Police fired tear gas and beat protesters to force them out of a square they had occupied in an overnight sit-in in Nigeria’s northern city of Kano as part of demonstrations over soaring fuel prices, an organiser said.
Audu Bulama, one of the organisers of protests on Thursday, told AFP news agency, that about 300 people were wounded and 19 protesters arrested and later released.
“Around 1:15 this morning, the policemen assisted by local vigilantes fired tear gas on us, and when we refused to budge they used gun butts and cudgels to beat us while police vans ran into the crowd,” he said.
Police were not immediately available for comment, but a spokesman had told local radio that the protest was “illegal” as it did not have police approval.
“There are procedures to be followed by any group that wants to hold any kind of protests,” Kano police spokesman Magaji Majia said.
“The organisers of the protest must inform the police in writing, stating the date, time and venue of the protest, and secure police approval. Anything short of this is illegal.”
Nigeria has seen increasingly volatile demonstrations since the government announced the end of fuel subsidies on Sunday, causing petrol prices to instantly double in a country where most people live on less than $2 per day.
The Nigerian government held an emergency cabinet meeting on Wednesday, the second day of mass protests, after one person killed and more injured.
It resolved to provide hundreds of buses, among other resolutions, to cushion the impact of the subsidy, but, it did not back down from its decision to remove the subsidy.
The unions rejected this and called for an “indefinite” national strike and mass demonstrations to shut down sectors, such as oil production starting, on Monday if the government did not restore the fuel subsidy.
“If the government fails to do so, they direct that indefinite general strikes, mass rallies and street protests be held across the country with the first on Monday, 9th January, 2012,” the National Labour Congress and Trades Union Congress said in a joint statement released on Wednesday.
“All offices, oil production centres, air and sea ports, fuel stations, markets, banks, among others will be shut down.”
Ayo Johnson from Viewpoint Africa magazine told Al Jazeera that Nigerians are angry not only because of the subsidy cut but also because of the government’s decision-making process.
“The government would say it has consulted with people over the last two months, but, clearly, the consultation process has not been long enough,” he said.
“People [are angry] that they’re being penalised by a government who they’ve only recently put back in office.”
On Wednesday in Kano, hundreds of protesters shut down petrol stations and a mob threatened to burn a newspaper office before heading toward the state governor’s office when dozens of armed police and soldiers blocked them using trucks and vans.

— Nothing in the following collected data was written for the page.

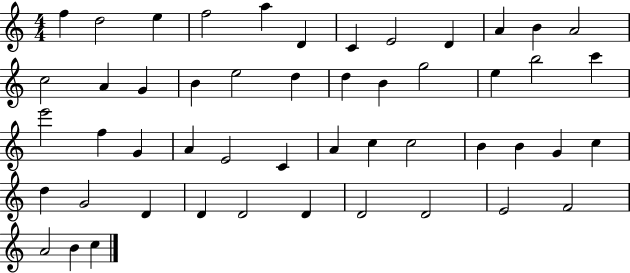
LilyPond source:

{
  \clef treble
  \numericTimeSignature
  \time 4/4
  \key c \major
  f''4 d''2 e''4 | f''2 a''4 d'4 | c'4 e'2 d'4 | a'4 b'4 a'2 | \break c''2 a'4 g'4 | b'4 e''2 d''4 | d''4 b'4 g''2 | e''4 b''2 c'''4 | \break e'''2 f''4 g'4 | a'4 e'2 c'4 | a'4 c''4 c''2 | b'4 b'4 g'4 c''4 | \break d''4 g'2 d'4 | d'4 d'2 d'4 | d'2 d'2 | e'2 f'2 | \break a'2 b'4 c''4 | \bar "|."
}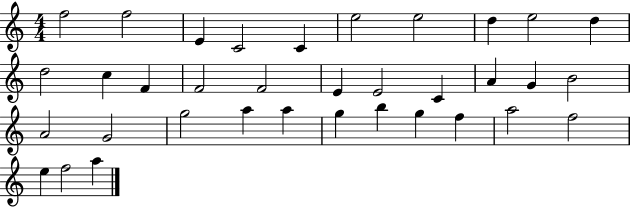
X:1
T:Untitled
M:4/4
L:1/4
K:C
f2 f2 E C2 C e2 e2 d e2 d d2 c F F2 F2 E E2 C A G B2 A2 G2 g2 a a g b g f a2 f2 e f2 a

The protesters occupied the city centre’s main square, known as the Silver Jubilee Square, which protesters renamed “Liberation Square”.

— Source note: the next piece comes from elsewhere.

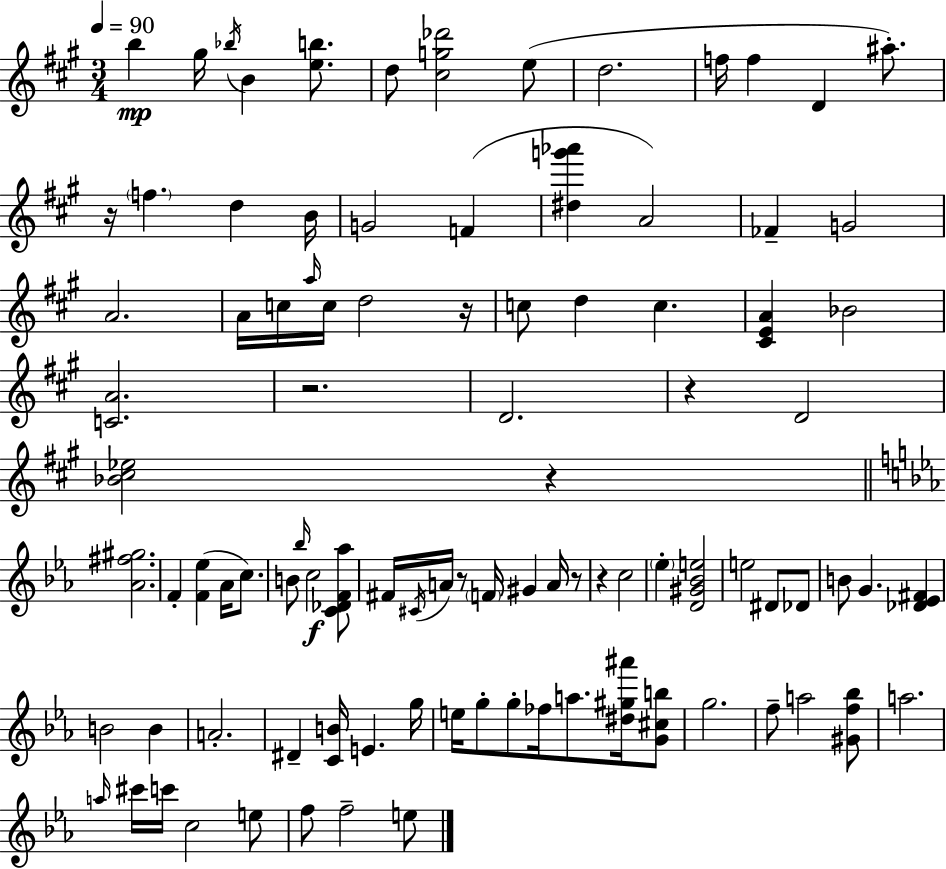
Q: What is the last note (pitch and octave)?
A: E5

Protests in Kwara state led to the death of at least one person on Tuesday, with a union claiming police shot dead a protester while authorities said a mob killed him.
In Lagos on Tuesday also, some 200 people marched on the highway and forced petrol stations to close.
A group of protesters in Kano threatened to burn down an office of the Daily Trust newspaper, whose coverage the protesters perceived as supportive of the government’s move, but police blocked them.
“They came in hundreds with the intent to set ablaze our office,” said Awwan Umar, Kano bureau chief for the newspaper.
Nigeria’s government says it will transfer $8bn it would save by canceling the subsidy to much-needed infrastructure projects.
Even so, Oladipo Fashina, a union leader, has described the move as “immoral and politically suicidal” and he has urged Nigerians to resist “with everything they have”.
Previous attempts to even tamper with the subsidy have been met with nationwide protests.
President Goodluck Jonathan announced on Monday evening that he had set up a committee to ensure that the savings from the subsidy’s end will be invested effectively to improve the lives of Nigerians.
The protests over rising fuel prices are only adding to Nigeria’s security woes. In its northern cities three bomb blasts again hit Maiduguri and Damaturu on Wednesday, just days after the areas were placed under a state of emergency by the president.